Dual income is attractive. Everyone loves the idea of two rent cheques from one property. But the biggest wealth driver is always capital appreciation, not rental income. Rental income keeps the lights on and covers the mortgage. Capital appreciation makes you rich.

This property does both. And that is why it is one of our standout client cases.

The property sits on 820 square metres of land. We secured it for our client in the low $800,000s. The block is not a perfect rectangle—it has an irregular shape—but we consulted a town planner before purchase and confirmed it could accommodate a three-lot subdivision down the track. That long-term optionality was baked into the acquisition thesis from day one [1].

The location is critical: walking distance to one of the southern hemisphere's largest shopping centres. Not "fifteen-minute drive" close. Walking distance. 300-500 metres. That proximity anchors tenant demand and supports rent premiums that would be impossible in a location even two kilometres further away.

Since settlement, this property has been appreciating at approximately $10,000 per month. Steady. Consistent. Not a spike—just the quiet compounding that happens when you own scarce land in a high-demand corridor [2].

## The main house: $650 per week (and why it rents above market)

The existing house is a classic Melbourne brick veneer on a generous footprint. Three bedrooms, two bathrooms, established garden, and here is the kicker: a swimming pool.

The pool is what pushes the rent above comparable properties in the street. Most investment properties in this price bracket rent for $500-$550 per week. This one rents for $650. The pool adds approximately $100-$120 per week in rent premium—well above the annual maintenance cost of $1,500-$2,000 [3].

Before any investor copies this play: I do not recommend buying properties specifically because they have pools. Pools are a liability for most investment properties—they require council compliance, fencing regulations, and ongoing maintenance. But when you find a property where the pool already exists, is already compliant, and adds a genuine rent premium in the local market, you take it.
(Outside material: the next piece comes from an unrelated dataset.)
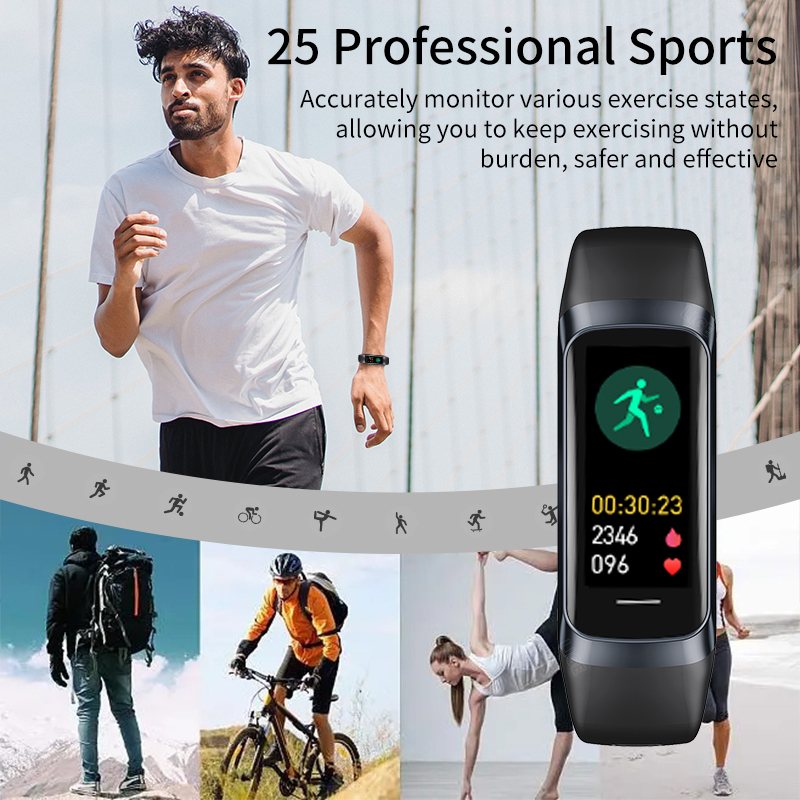 FOXBOX Smart Watch Men Fashion - Health Wellness Bracelet 评论和价格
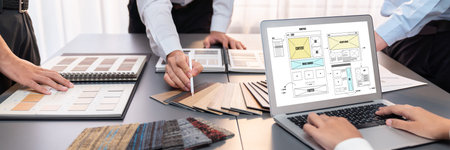 Website design software provide brisk template for online retail business and e-commerce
The front of the property has space for two to three cars, which was essential for the granny flat plan. When you build a secondary dwelling in the backyard, the council requires that the existing dwelling retains adequate parking. If the front driveway cannot accommodate two vehicles, your granny flat application gets complicated. We confirmed this before purchase [4].

## The granny flat build: what we did and what it cost

The granny flat sits in the rear portion of the property, accessed via a dedicated driveway along the side of the block.

Specifications:
- 30 square metres—one bedroom, one bathroom, open-plan kitchen/living
- All-inclusive build cost: $110,000 plus GST [5]
- Build timeline: approximately 4.5 months (1.5 months paperwork and permits, 3 months construction)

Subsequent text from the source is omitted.